The Incident on Ware Street

On july 16, Fletcher University Professor Henry Louis Gates Jr. returned from Logan Airport to the Harvard-owned house he rents on Ware Street. The front door was stuck, so he and the driver who brought him home set about forcing it open. A passerby became concerned that something untoward might be happening; at her behest, another passerby dialed 911. Sergeant James Crowley, of the Cambridge police department, responded to the call.

From those unremarkable beginnings a remarkable nationwide furor arose. Crowley, assuming that he was investigating a breaking-and-entering, sought identification; the exchange between officer and professor somehow escalated; and Gates ended up being arrested for disorderly conduct and handcuffed.

After various negotiations, the charges were dropped on July 21, and a statement issued: “The City of Cambridge, the Cambridge Police Department, and Professor Gates acknowledge that the incident of July 16, 2009, was regrettable and unfortunate. This incident should not be viewed as one that demeans the character and reputation of Professor Gates or the character of the Cambridge Police Department. All parties agree that this is a just resolution to an unfortunate set of circumstances.”

That might have put an end to the matter but for three factors. First, Crowley’s report on the incident indicated that he was responding to a call identifying two “black males” as potential intruders, suggesting that race had figured into the summons to the police (but see below). Second, Gates continued to speak out after the official statement, criticizing Crowley and demanding an apology.
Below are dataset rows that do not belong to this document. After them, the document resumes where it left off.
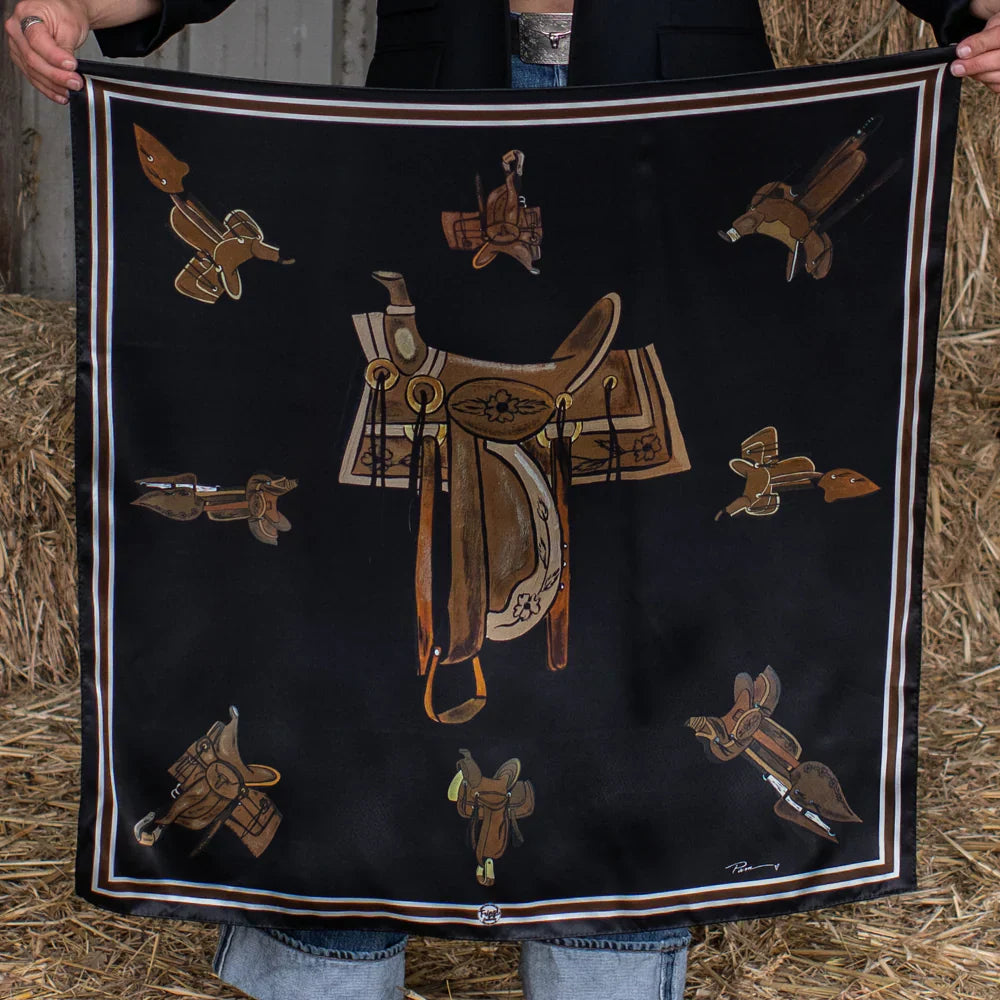 Take A Seat Shorty Scarf - Black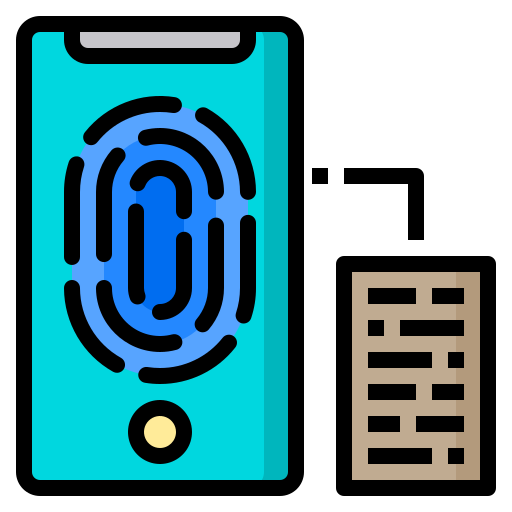 Biometric Phatplus Lineal Color icon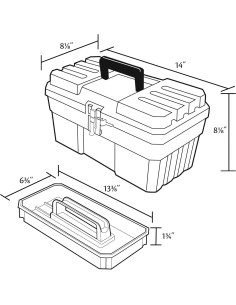 Caja de Almacenamiento Akro-Mils 35.56x20.32x20.32 cm Transparente 2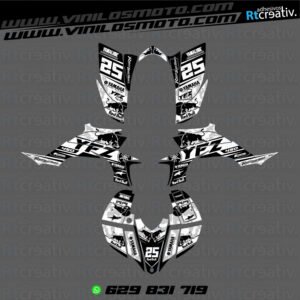 ADHESIVOS Y PEGATINAS DE VINILO PARA YAMAHA YFZ 450 Rt005-10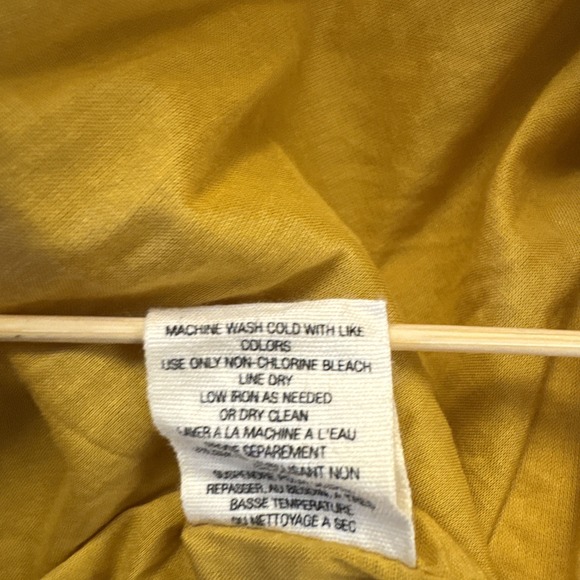 Floreat ANTHROPOLOGIE Sundress Size 2 Yellow Sleeveless Black‎ Embroidery Boho - Picture 8 of 12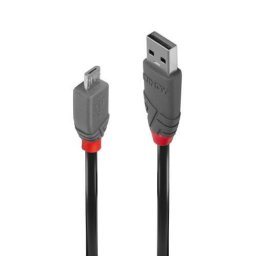Cablu Lindy LY-36732, USB 2.0 - microUSB, 1m, Negru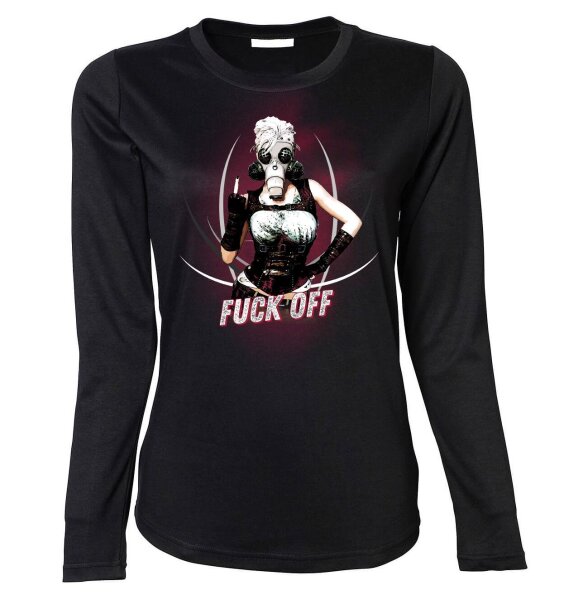 Fuck Off - Damen Langarm Shirt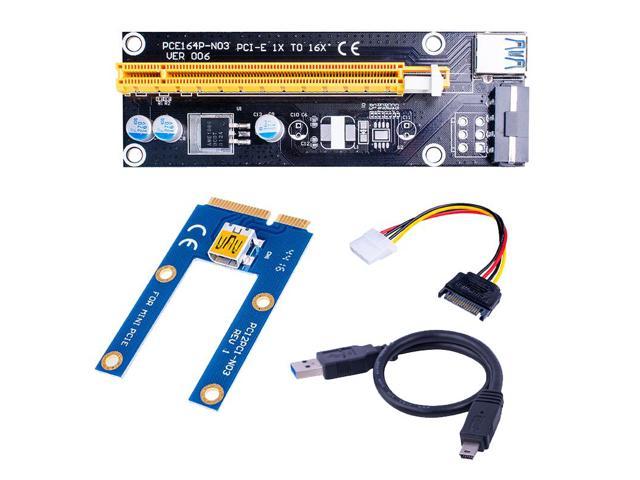 Mini PCIe 1x to PCI Express x16 Riser Card for Laptop External Graphics Card GDC Miner mini PCIe to PCI-e Slot for BTC Mining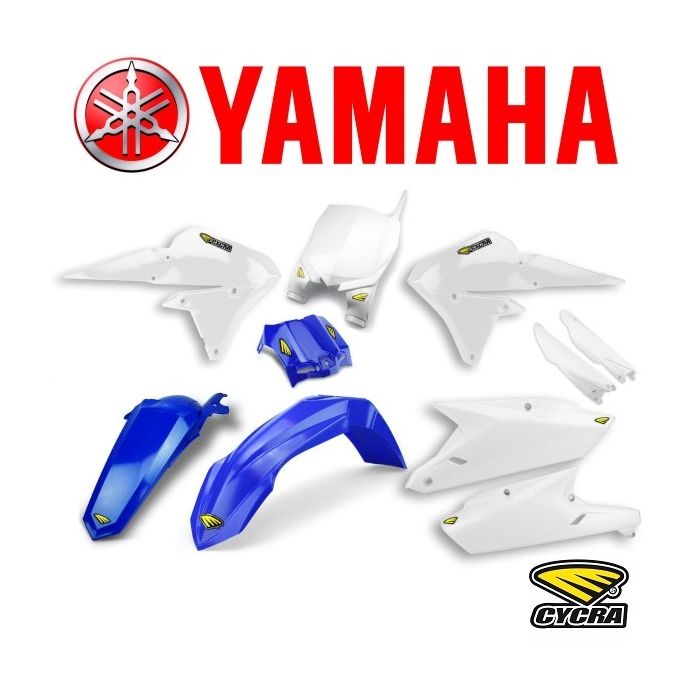 Cycra Complete Plastic Kit Set White Fits YAMAHA YZ250F 2019-2022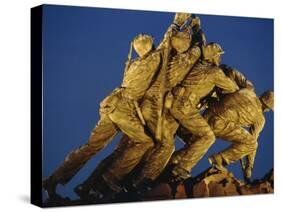 Statues of the U.S. Marine Corps on the Iwo Jima Memorial at Night in Arlington, Virginia, USA-Hodson Jonathan-Stretched Canvas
And third, at the end of a news conference on July 22 focused on healthcare reform, President Barack Obama, J.D. ’91, responded to a question about the incident by saying that he did not know all the facts, but that the Cambridge police had acted “stupidly” in arresting Gates after he had demonstrated he was in his own home. The ensuing uproar led to retractions, clarifications, and ultimately a White House “beer summit” on July 30, at which Obama, Vice President Joe Biden, Crowley, and Gates talked things over. (America’s humorists weighed in: Andy Borowitz ’80 had Obama proclaiming “Drink a Beer with Someone Who Arrested You Day.” The Onion had Crowley accidentally arresting Gates again as he “observed an unidentified black male sitting near Mr. Obama…” in the Oval Office. Editorial cartoonist Mike Luckovich had Gates and Crowley shouting at each other across Obama’s desk: “Tastes Great!!!” “Less Filling!!!”)

If the exchanges did little to advance any hoped-for national dialogue on race, they did bring out more facts. Crowley was identified by colleagues as an exemplary officer previously tasked with teaching other policemen how to avoid racial profiling in performing their duties—and a black officer at the scene of the arrest gave his full support to Crowley’s handling of the incident.

Finally, a bystander who was peripherally involved, but who suffered collateral damage from the uproar, was fully exonerated after the fact. The 911 call was placed by a Harvard Magazine employee who had been out walking at lunchtime (the magazine’s office is also on Ware Street). The police report on the incident, which became public, inexplicably did not initially redact her name or other identifying information (the usual practice)—including her phone number. Because the police report seemed to indicate that she had described the suspects in the incident by their race, she was subjected to a barrage of threatening calls and e-mails and relentless news-media attention at home and at work. In fact, the transcript of the 911 call, released on July 27, made clear that she had never invoked race and that she had even raised the possibility that the suspected intruders were simply having trouble with the house key.

Although many questions about the whole incident—as refracted through the media and national sensitivities (and biases) about race—remain unresolved, this one is put to rest: it began with a proper, Good Samaritan call to the police, motivated by a desire to avert a possible crime or personal injury.